Nigeria has lost its enviable position as a major investment destination in Africa, according to RMB Africa, an investment advisory company which in its latest report ranked the biggest economy in the continent number 14 behind smaller countries such as Botswana and Mauritius. The company ranked Egypt as number one investment destination in Africa.
According to the company, the top 10 African countries to invest in are Egypt, Morocco, South Africa, Rwanda; Botswana, Ghana, Mauritius, Côte d’Ivoire, Kenya and Tanzania.
In 2014, Nigeria was ranked number two in the continent, a position she has now lost due to paucity of foreign direct investment, FDI. She was ranked eight, two times consecutively in 2019 and 2019.
The National Bureau of Statistic, NBS had in its first and second capital importation report disclosed that the country witnessed the lowest FDI in 11 years, with just $875.62 million flowing into the country from abroad.
According to the report, FDI dropped to $77.97 million in Q2 2021, indicating a 49.6 per cent and 47.5 per cent decline compared to $154.76 million and $148.59 million recorded in the previous quarter and Q2 2020 respectively.
According to RMB in its report titled “Where to Invest in Africa”, it said the COVID 19 headwind has changed the world view about business.
RMB Africa Economist, Daniel Kavishe said, one of the major factors used in the current ranking is the conduciveness of the business environment, as well as the various fiscal measures applied by ranked countries to combat the COVID 19 pandemic.
According to Kavishe, “the inclusion of a fiscal score in our rankings aimed to score governments’ fiscal positions and provided a basis from which investors can understand specific jurisdictions.
“Although the pandemic brought devastation, it also enabled opportunities for reimagining policies and trade relationships. Increasingly clear now is that home-grown strategies to tackle poverty, inequality and unemployment across Africa must be implemented. If not, all of Africa suffers.”
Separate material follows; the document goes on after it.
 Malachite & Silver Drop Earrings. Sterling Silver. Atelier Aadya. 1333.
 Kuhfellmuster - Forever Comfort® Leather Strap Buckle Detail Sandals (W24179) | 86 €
He said the economy is likely to pick up with a good mix of fiscal policies by the government.
“The sheer size of Nigeria’s economy and large population base has undoubtedly aided the country’s economic environment and has led to an increase in investments in the economy over the past 10 years.
“The country boasts significant hydrocarbon resources and considerable agricultural and mining potential. With fiscal support expected to increase and continue over the next few years, given both the coronavirus shock and oil price collapse, the economy is expected to grow but at a slow and steady pace.
“One of the key tenets for its development will be the efforts that have been made to support small and medium enterprises through monetary policy reform. This should support the country’s efforts as it continues its expansion into sectors such as information technology.”
RMB said over reliance on oil is not a good thing, when there are many other undeveloped sectors which can support economic growth.
“Nigeria’s heavy reliance on oil means that the drop in oil prices and production generated by the OPEC+ agreement is strongly impacting the economy. COVID-19 came at a time when the economy was still rebalancing from the drop in oil prices during the 2014 to 2016 period.
“Therefore, a lower drop in reserves, tight liquidity and a weak currency can still be expected. The government, which has been criticised for its slow pace of reform, still faces a myriad of security challenges that destabilise the country, such as the activity of the Islamist terrorist group Boko Haram in the northeast, forcing many people to flee,” the company said.